If the input dimensions are 256 x 1024 (FP numbers), please develop the above PCA pre-processor design (block shown in the above figure) and obtain the latency values using the parameter values as listed below? What is the total resource consumption (in terms of number of functional units such as adders/multipliers etc.) of your design? [2+2+2 Marks]

| Parameter                                               |          |  |  |  |
|---------------------------------------------------------|----------|--|--|--|
| Time taken for each integer multiplication              |          |  |  |  |
| Time taken for each integer addition/subtraction        |          |  |  |  |
| Time taken for each integer comparison                  | 1 cycle  |  |  |  |
| Time taken for each memory access from secondary memory | 8 cycles |  |  |  |
| Time taken for each integer division                    | 4 cycles |  |  |  |
| Time taken for each FP32 multiplication                 | 4 cycles |  |  |  |
| Time taken for each FP32 addition/subtraction           | 2 cycles |  |  |  |
| Time taken for each FP32 comparison                     | 2 cycles |  |  |  |
| Time taken for each FP32 division                       | 6 cycles |  |  |  |
| Time taken for each memory access from on-chip memory   | 3 cycles |  |  |  |

- 4. Consider that an alumni of IITJ funds you to develop custom hardware for his/her ML-based startup. As the only application of this company is image classification, you decide to utilize K-means-based clustering using Hamming distance metric. In order to calculate the Hamming distance between two strings, we perform their XOR operation,  $(a \oplus b)$ , and then count the total number of 1s in the resultant string. Suppose there are two numbers 11011001 and 10011101. 11011001  $\oplus$  10011101 = 01000100. Since, this contains two 1s, the Hamming distance, d(11011001, 10011101) = 2. Design the hardware for realizing the K-means implementation if it is known that there are 5 output classes and the inputs are 32-bit integers such that the overall system latency is minimized? [4 marks]
- 5. You are hired as a consultant to *BharatBullsTraders*, a Noida-based high frequency trading firm.

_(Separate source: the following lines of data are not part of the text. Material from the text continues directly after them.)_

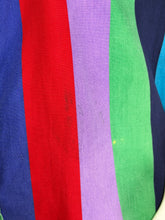 Load image into Gallery viewer, A close-up of a striped textile with vertical bands of blue, red, lavender purple, green, and dark navy.
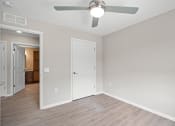 Thumbnail 13 of 19 - an empty living room with a ceiling fan and a door to a bedroom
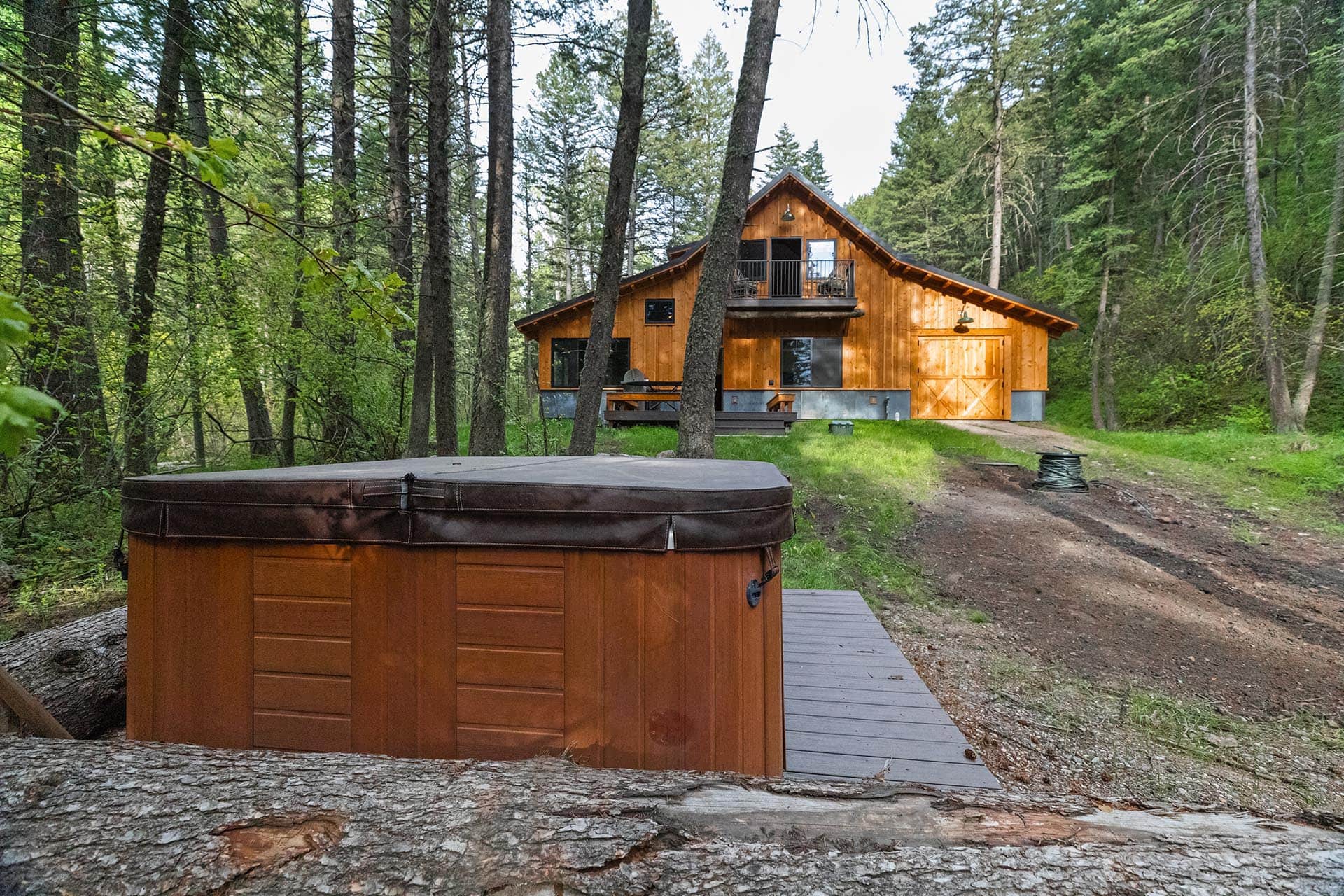 Wooden cabin surrounded by tall trees in a forest, with a hot tub in the foreground.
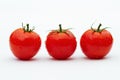 Three tomatoes side by side Royalty Free Stock Photo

This firm engages in selling and buying stocks of various companies registered on Bombay Stock Exchange (BSE) through machine learning model building and inference. The dataset on which the company works is shown as below:

| Date | Open | High | Close | Low | Adjusted Close | Volume Traded |
|------|------|------|-------|-----|----------------|---------------|
|      |      |      |       |     |                |               |

The meaning of the above terms are explained as below:

| Parameter      | Meaning                                                               |  |  |  |  |
|----------------|-----------------------------------------------------------------------|--|--|--|--|
| Date           | Date of trading                                                       |  |  |  |  |
| Open           | Opening value of the stock on that day                                |  |  |  |  |
| High           | Highest value of the stock on that day                                |  |  |  |  |
| Close          | Closing value of the stock on that day                                |  |  |  |  |
| Low            | Lowest value of the stock on that day                                 |  |  |  |  |
| Adjusted Close | Closing price that has been modified to account for corporate actions |  |  |  |  |
| Volume Traded  | Number of stocks traded (bought/sold) that day                        |  |  |  |  |

As a consultant, you advise to the BharatBullsTraders firm that one way in which they can outshine their competitors is through implementation of the machine learning on specialized FPGAs instead of using off-the-shelf CPUs. The engineers of this firm have observed that certain ML models are providing the same performance in terms of accuracy, however, they are confused which model they should implement on the hardware. [3 + 1 Marks]

- (a) What would be your advise on the choice of ML model given that FPGAs offer parallelization implementation choices but offer finite resources (LUTs/FFs/DSP slices etc.)? Why?
- (b) Are all features (of the dataset as shown above) important for the analysis?